As if on cue, Knight pulls out his phone to show me clips from his most recent project called ikon-1, the aforementioned collaboration with Jazzelle Zanaughtti, more commonly recognized as their social handle @uglyworldwide. A non-binary spearheader, Jazzelle is best known for a craft that subverts traditional beauty standards, instead celebrating the weird and wonderful. “I discovered them on Instagram,” Knight explains when asked how the partnership came to fruition. “They are very prolific with their own image, and they have this ability to put up a lot of different versions of themselves.”
Since the rise of social media and new channels of expression, the focus has been on how fashion can bring together kingpins of the industry with this new wave of changemakers: most of whom are using their platforms to champion authenticity.
“You hear a lot of really negative things about social media, some of which are true and valid, but you don't hear the positive stuff. Social media is allowing those who didn’t necessarily fit the beauty standard to create their own following, their own fanbase and, ultimately, set the standard and fundamentally change the power dynamic of the industry.” In Jazzelle’s case, they’re a juggernaut bringing new life back into an often stale landscape — and Knight wants the world to know about it.
Despite having an undisputed force and cornerstone of fashion for decades, what’s striking about Knight is his openness to being vulnerable. He wants to make it unmistakably clear that the pressure never goes away. “I guess I feel some sort of artistic debt to it. To ensure that I create something with just as much as what I put into my photographs. I put a lot of craft into them, a lot of care and love, and we spend a lot of time creating my images. So I didn't want to do something that I just felt sort of throwaway,” he discloses when talking about his most recent project.
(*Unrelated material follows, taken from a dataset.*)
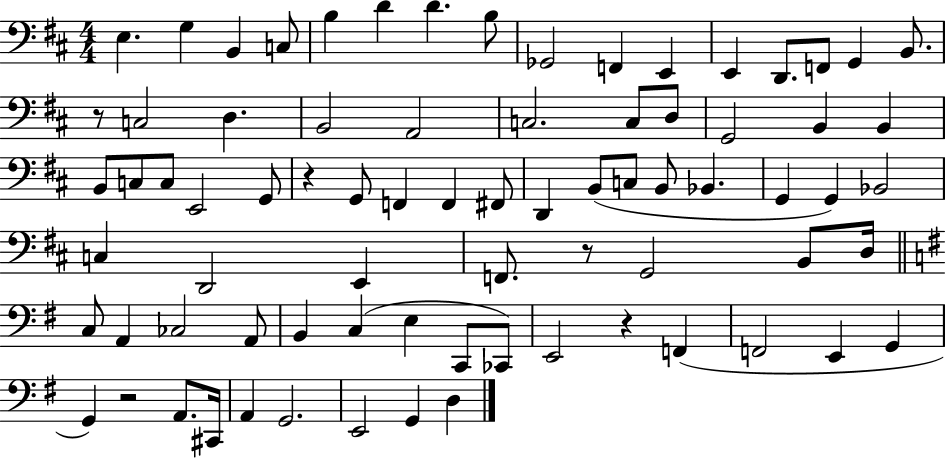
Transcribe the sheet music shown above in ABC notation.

His latest virtual venture only marks the beginning of what he sees as a long-term endeavor in fashion’s newfound spaces — the metaverse is only the beginning. Knight has eschewed all the tropes of what it means to be a fashion creative over the course of his career, instead channeling his passion into transgressing the parameters of the possible. Whether that be shooting on iPhones or using robotic arms in London to direct sessions in Shanghai, the artist has continuously proved why he’s still one of the most impactful and important visionaries in fashion today. So what makes an icon, an icon?
“It’s someone who can capture the zeitgeist,” Knight says. “It’s that person who’s able to recognize what it is the world has been wanting to see, the crystallization of common desire. It’s about fusing not only this world with the next, but all of them. It’s about independence. It’s someone who can understand the values that people are talking about now. That’s what makes an icon.”